On the actual audio clip, I could adjust the fade (going from full volume to none) as far as I wanted. I did it until people sounded like they had naturally stopped speaking, but not so much that I faded away what they were actually saying.

Don’t get ahead of yourself

For as good as iMovie is, I learned a hard lesson about halfway through my project. I was busy cutting clips, detaching audio and moving things around (I even tried to add a soundtrack, but more on that later) when I realized that I had somehow screwed up the video and audio synchronization. It was so bad that I could not figure out how to undo all that I had done to have the right audio playing with the right talking heads.
(A versioning feature would have been a huge help here, or even just the ability to save a project under a different name and then work on the original. This is one place where Windows video editing would have made things easier.)
So I started over, but with a better understanding of how I had to manage the project. I decided to not detach a single audio clip until I had almost every video clip and photo in position. It was like managing a complex magazine layout or collage. I gently placed all the pieces down without, in essence, applying any glue. After that I would work on creating the right voice-over segments, Ken Burnsing the photos and the very last thing I would do is add a soundtrack.

Like a melody

Even though iMovie has a track reserved for soundtrack or music, this is one of the app’s weakest areas. You have to add music sequentially; it is impossible to drop in a track at a specified place and pin it there. Eventually I figured out how to choose all my tracks and assign their order before putting them on the actual soundtrack.
As in other audio areas, I could adjust the volume, but I love that iMovie will automatically lowers the music volume when there’s an audio track in the foreground. This made it easier to manage sound levels, though I did have to do a lot of hand-adjusting on clip audio because all the video I'd been given was recorded at different levels and when you split audio from video, it changes the level, making it louder, yet again.
The good news is that you can easily add a soundtrack to your movie. The bad news is that this is one of iMovie's most basic features

For my soundtrack, I used a combination of the tracks that iMovie provides, which are pretty good, and music I bought myself. Since this was not a public/commercial project, I didn’t worry about royalty and copyright issues.

The in-betweeners

I also experimented a fair amount with iMovie’s built-in transitions. Having music behind everything meant I didn’t need as many transitions, but I still found areas where a dissolve worked well.
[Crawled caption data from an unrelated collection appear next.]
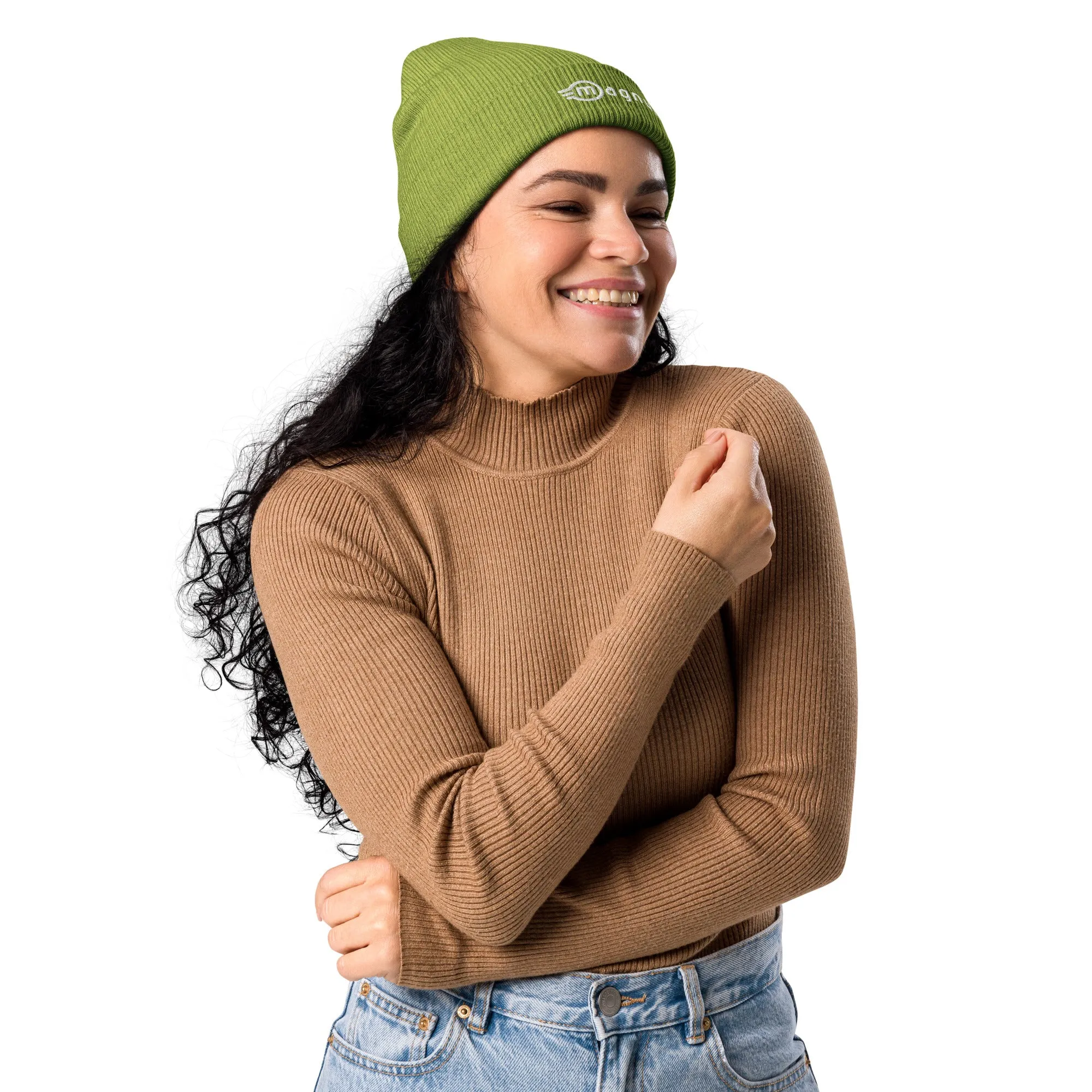 Magnum Bikes Embroidered Organic Cotton Beanie
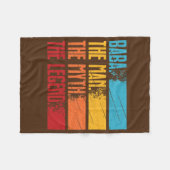 Funny Arabic Dad Arabic Father Best Baba Ever Fleecedecke (Vorderseite (Horizontal))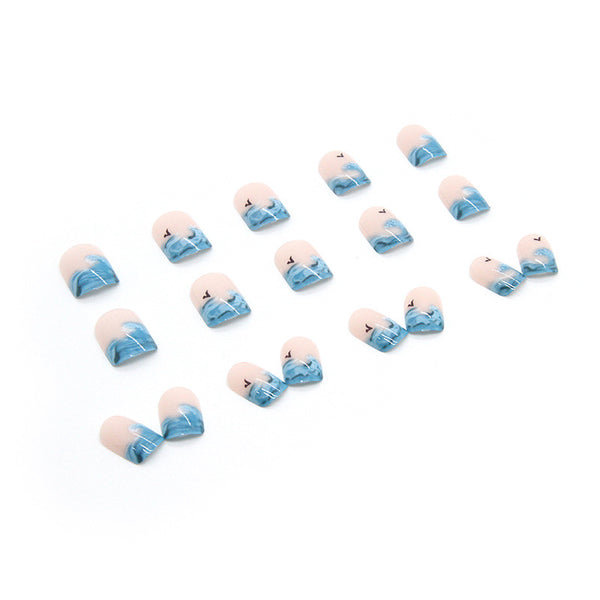 12 Sizes-24 Pcs Press On Nails W212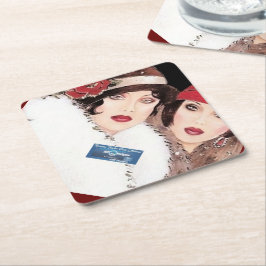 Posavasos De Papel Montaña Rusa 10 Burg(Rojo de Invierno 2) RFPMDesig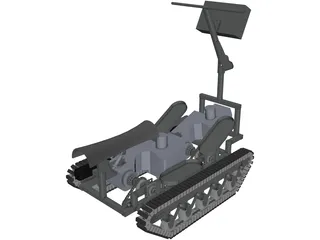 Personal Tracked Vehicle 3D Model preview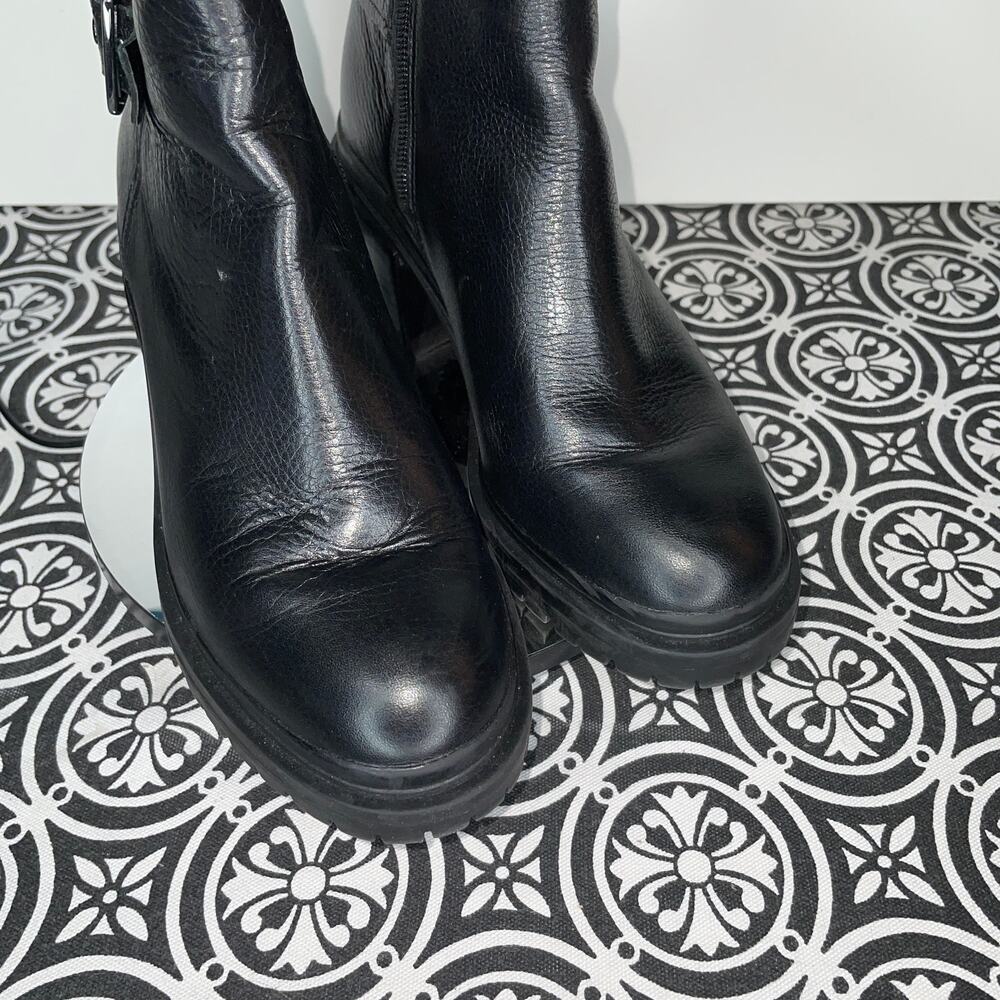 NATURALIZER Trina Mid Shaft Boots, black pebble, 7 - Picture 5 of 11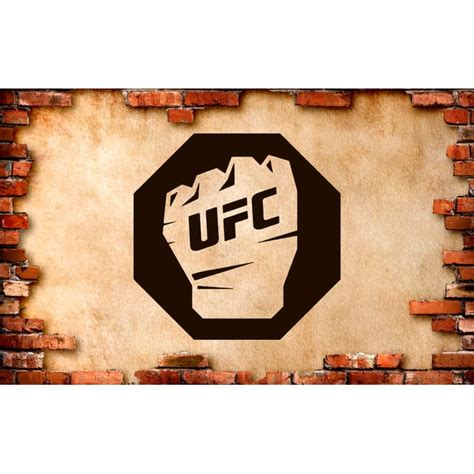 UFC Emblem Sticker Octagon Logo Ultimate Fighting Championsh - Inspire ...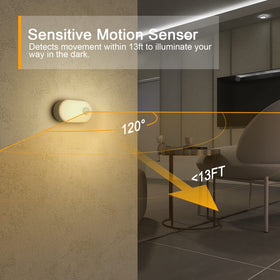 Lyridz 120-degree motion sensor with 10-13 ft range for efficient use.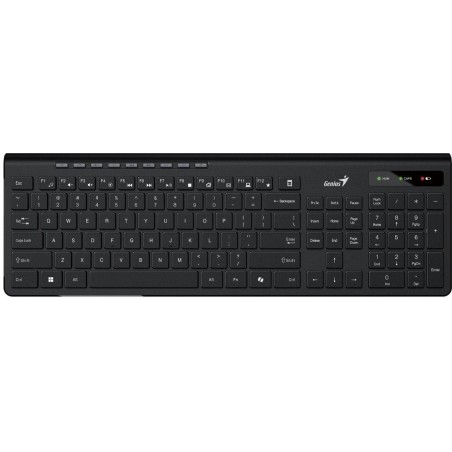 GENIUS Slimstar 7230/ bezdrátová 2,4GHz/ Copilot/ mini receiver/ USB/ černá/ CZ+SK layout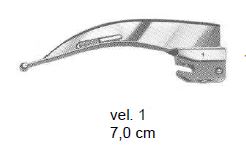 Laryngoskop - lyžica vel. 1, studené svetlo, 7 cm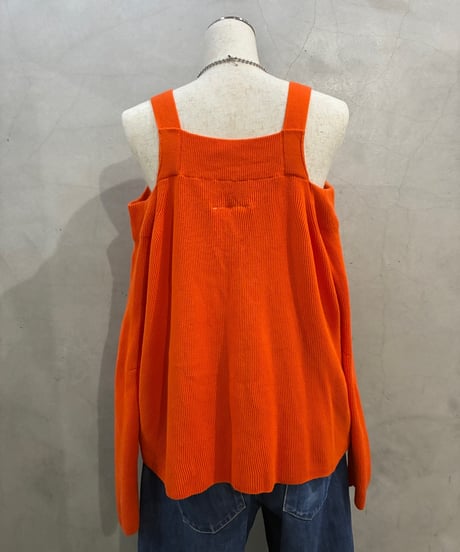 MM6 Maison Margiela Off Shoulder Rib Knit OR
The more complex themes and wipes a little too distracting for my video.
You can add some pretty sick-looking text transitions in iMovie

I also wanted something bigger to break up what I thought of as the chapters in my video. Eventually I settled upon dissolving into and out of a black screen with some text appearing to announce the next chapter topic. To make that video, I recorded on my iPhone as my hand covered the screen. VoilĂ ! black video. I just needed to delete the audio and then add text.
I love iMovie’s title overlay tools, which I used a little on top of photos, but mostly for the chapters. I settled on one Title style and then used it for all the chapters. I also had the added benefit of using the iPad Pro's attachable Smart keyboard, which meant I didn't lose any screen real estate to a virtual keyboard.

The final cut

Ultimately, I spent weeks editing and producing a 20-minute video entirely in iMovie on an iPad Pro, mostly while commuting on a train. I learned a lot during the project, even if I didn't use all of the advance features in iMovie (I never employed split-screen or picture-in-picture video, for instance).  
iMovie could use a few changes, like something akin to a file system for project management, a better way of managing assets and a much smarter audio track system, but, overall, I am impressed. If you have a new iPad or even an iPad Pro and iMovie (which is free!), why wouldn’t you be doing all your video projects on the iPad?
As for my movie, I'm no Spielberg and Ken Burns would likely be appalled, but I'm happy with it. The quarter-century-late wedding video premiered to a tiny audience on Facebook. It made my wife cry. For me, that’s as good as an Academy Award.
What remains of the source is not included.